The genesis of feudalism in the Indian society was marked from 300 AD. Feudalism refers to a special type of land tenure by which a system of private government based on land. Feudalism became prosperous with the initiation of agricultural economy. Although feudalism was in vogue in the post Mauryan and in the Sattavahana period, yet it was strengthened in the Pala-Pratihara period. After the decline of Harshavardhana, the trade in northern India was completely shattered. The decline of the trade resulted in the growth of landed economy. The economy in the Pala Pratihara period was an agricultural economy, when the feudalism was initiated in northern India. The trend of feudalism set in the Pala-Pratihara period was deteriorated in the Rajput period. Hence in the Rajput feudalism the condition of the common people was miserable.

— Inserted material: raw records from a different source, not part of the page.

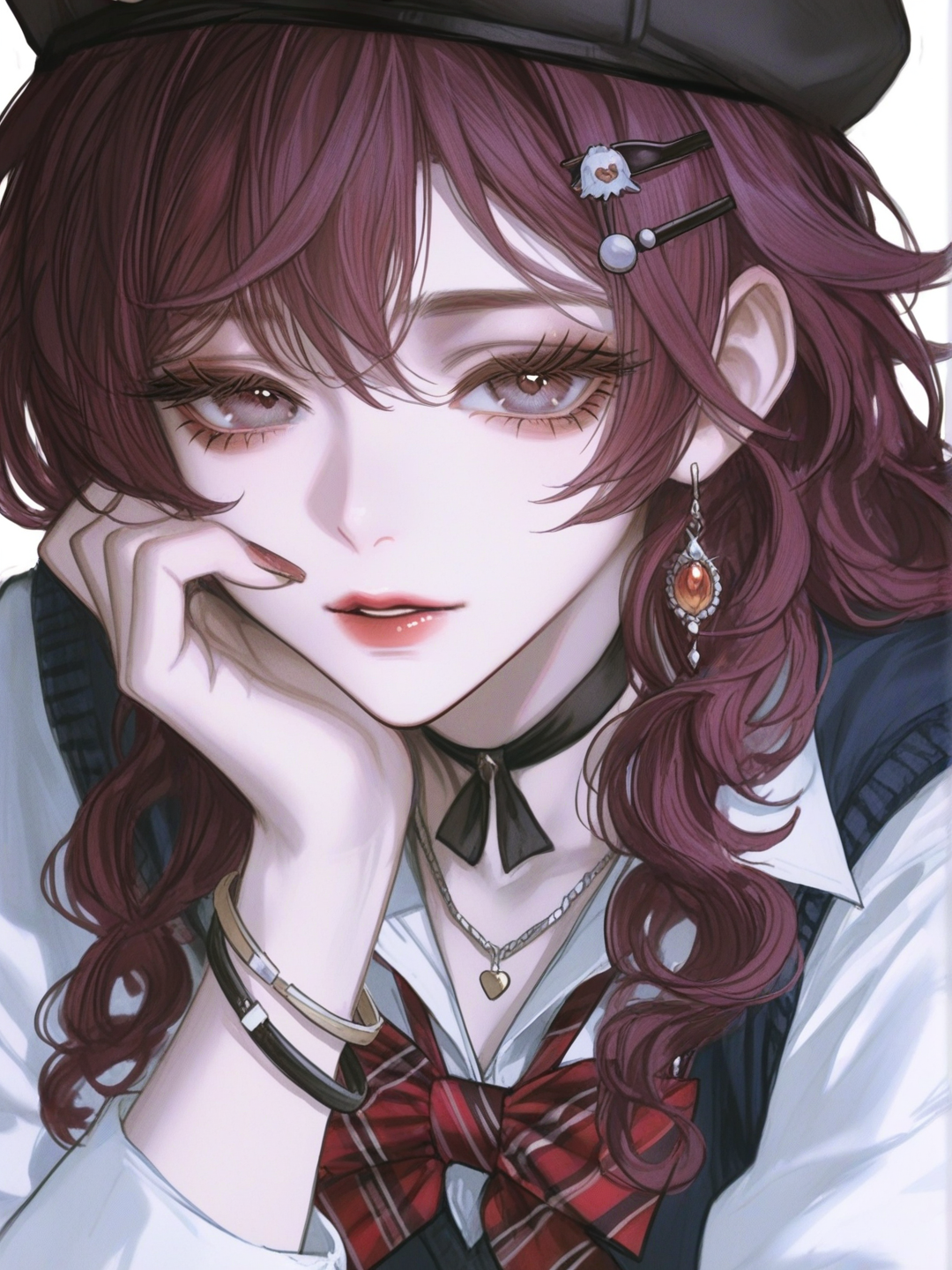 [semi-realistic-portrait-style] 1girl, genshin_impact_style, long_hair, wavy_hair, maroon_hair, different_eye_colors, brown_eye, grey_eye, dimples, pale_skin, school_uniform, pleated_skirt, vest, earrings, necklace, choker, beret, bracelet, bow, hairpin, hair_accessory, single_character, full_body, looking_at_viewer, simple_background, white_background
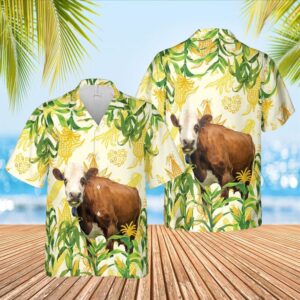 Farm Hawaiian Shirt, Corn Farm Simmental…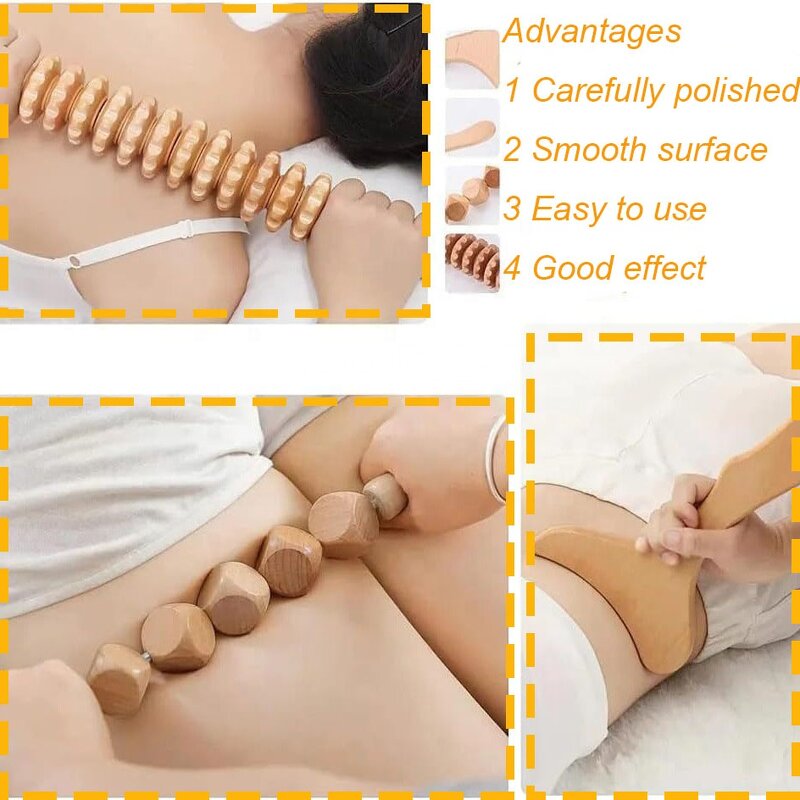 Wooden Scalp Massager Manufacturer - 6 in 1 Wood Therapy Roller Tool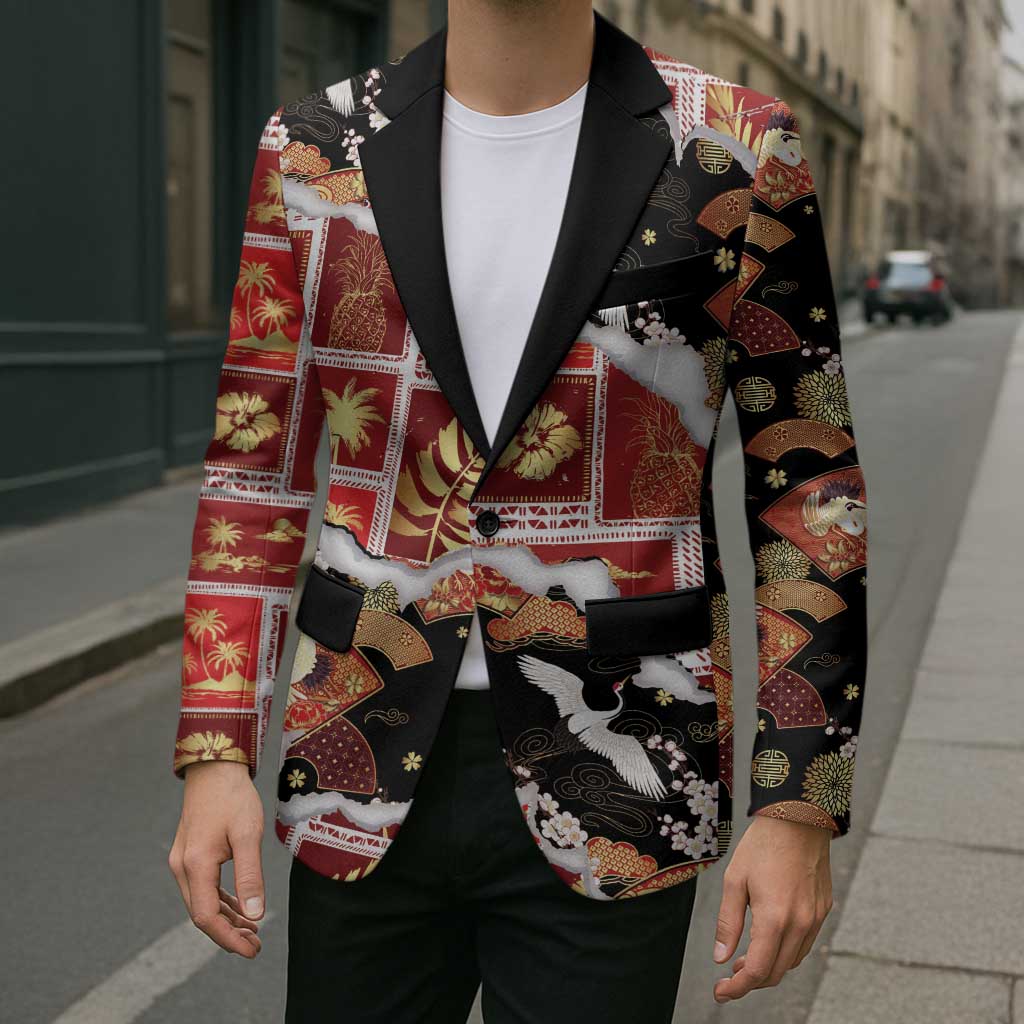 Hawaii Japanese Culture Black Blazer Spring Cranes Aloha Pattern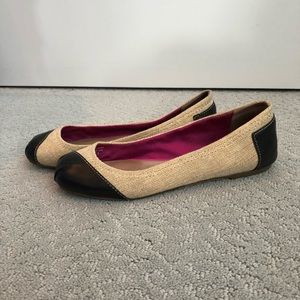 TOMS leather and jute ballet flats
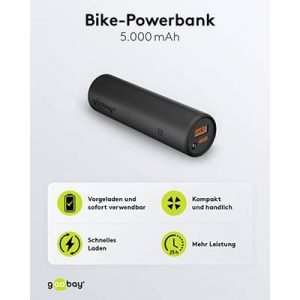 Goobay  (60656) Powerbank 5000 mAh L&iacute;tiumion Fekete &aacute;llapotjelző, LED-es zsebl&aacute;mpa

- The Pala Pratihara-Rashtrakuta feudalism was marked by the growth of landed intermediaries. These intermediaries were called feudal lords. They extended their landed area by resumption of the ownerless properties and by taking away the agrarian rights of the farmers. Serfdom was one of the significant features of the Pala-Pratihara-Rashtrakuta feudalism and the freedom of the farmers was curbed.
Rajput Feudalism- Post Pratihara feudalism
- The feudalism initiated in the Pala Pratihara domain was strengthened in the Post Pratihara or the Rajput period. The laws became strict and the tenant farmers even lost the security of their tenure in the land. The economic condition deteriorated considerably.